There are Christians who seems so deeply connected to Jesus that they seem to have the ability to see into the soul of anyone they speak with. They are the people who are awkward to have small talk with because they continually bring up deep truths that trouble the soul and challenge the mind. These old saints who exude wisdom and grace and manifest the Spirit of God do not become old saints overnight. This sort of maturity comes with time and practice. While every Christian has been changed in a moment, all believers must learn to live in that changed nature. So Paul testifies that he presses to make the resurrected life his own and that he has not achieved the completion of this goal. Recognizing his efforts to make himself righteous were a loss (c.f. 3:2-7), Paul admits that he is not perfect.

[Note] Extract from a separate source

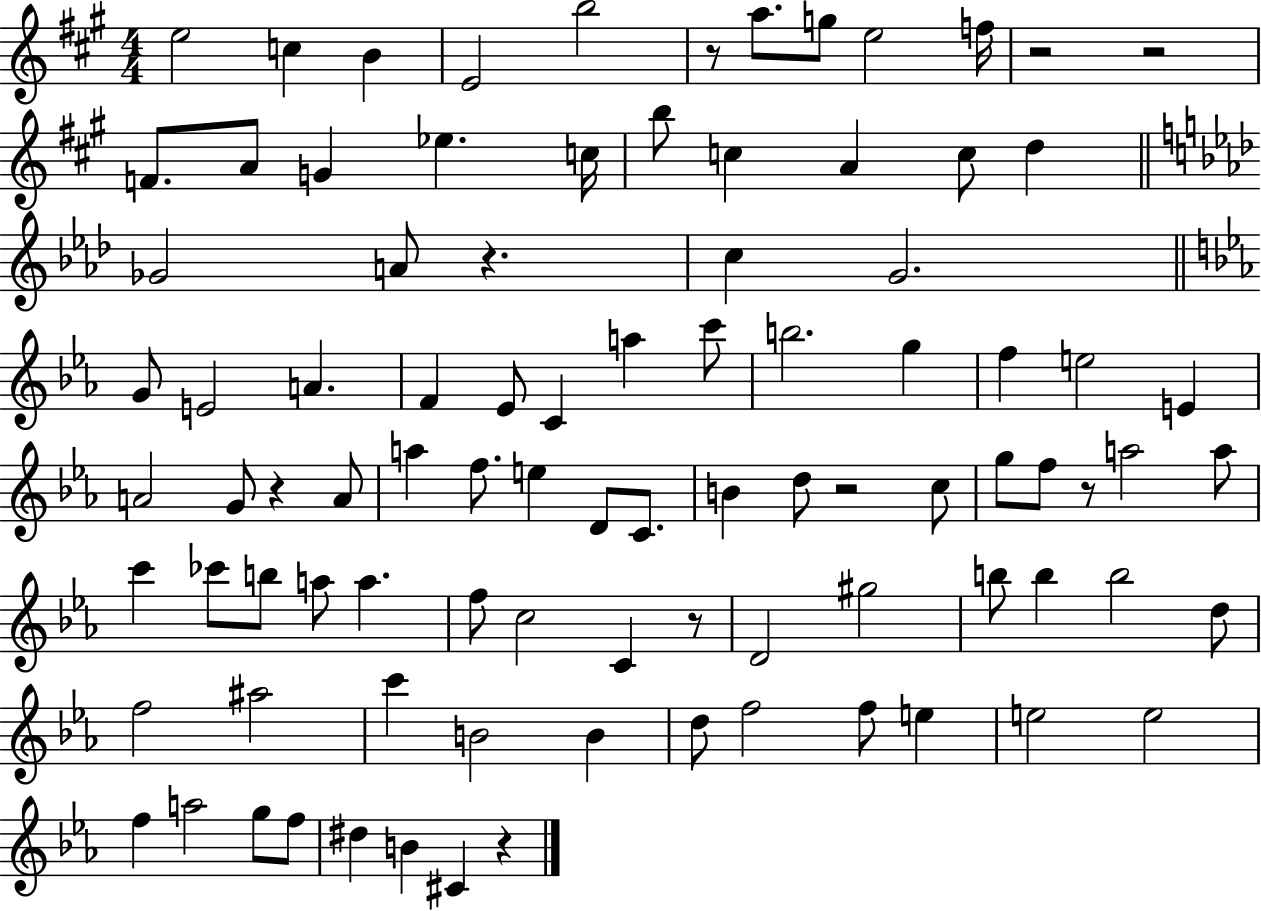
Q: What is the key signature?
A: A major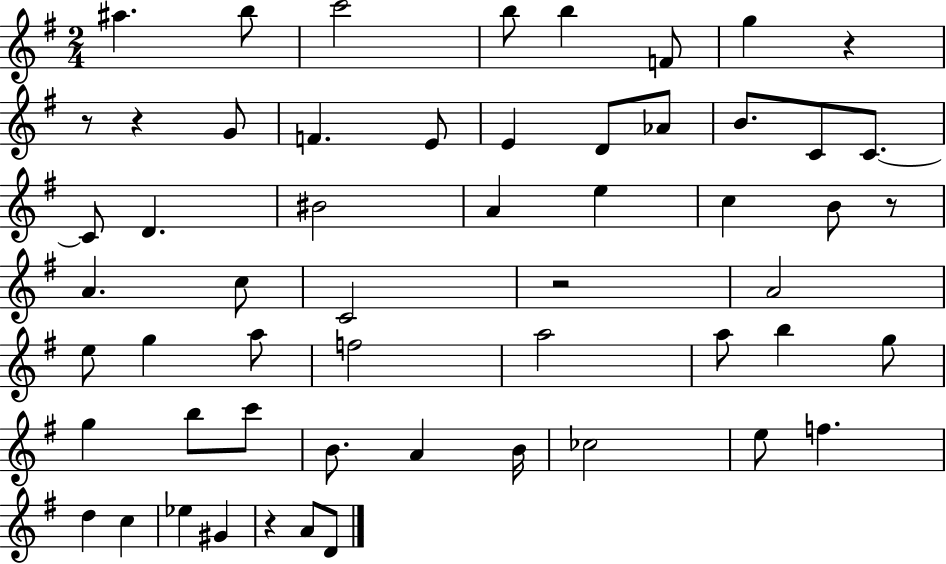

A particular key to growth is the dismissal of one’s past. If a believer insists on clinging to their own earthly righteousness, then they will stifle their own spiritual growth. Likewise, if a believer carries the burdens of their past failures, refusing to recognize that Jesus has forgiven and transformed them, then they will find discipleship and growth to be difficult and even rare. For many people, their past successes become the glory of their present reality. But for Paul, his past successes were a hindrance to future glory. It is necessary for believers to throw off what they used to be in order to become who God has made them. A Christian’s identity cannot be discovered without removing the former identity of the sinful man. The believer must accept the truth of their changed reality, only then will a believer find satisfaction.
Paul presses forward in pursuit of “the call of God in Jesus Christ” (v. 14). There is no greater call than that of the creator of all things calling for His creation to follow in the design He has laid out. A truly converted person cannot help but desire to press forward in obedience to Christ. God has granted the believer life, and the believer pursues that life abundant in knowing Christ.
Consistent with Paul’s character and wisdom, he encourages his reader to share his attitude and perspective. He pleads with them to understand these truths with remarkable confidence that God will certainly develop in them the same mindset that He has been faithful to develop in Paul. What tremendous confidence believers have! Because of the truth that God sanctifies His own, Christians can rest in the confidence that God will bring to completion the work He has begun. (1:6)
Believer, rest in this deep truth: The Lord, Creator of all things, is working in your heart now and will bring you to maturity. It is a long race we run. Be faithful, He will bring you to where you need to be. Hold tight to these truths!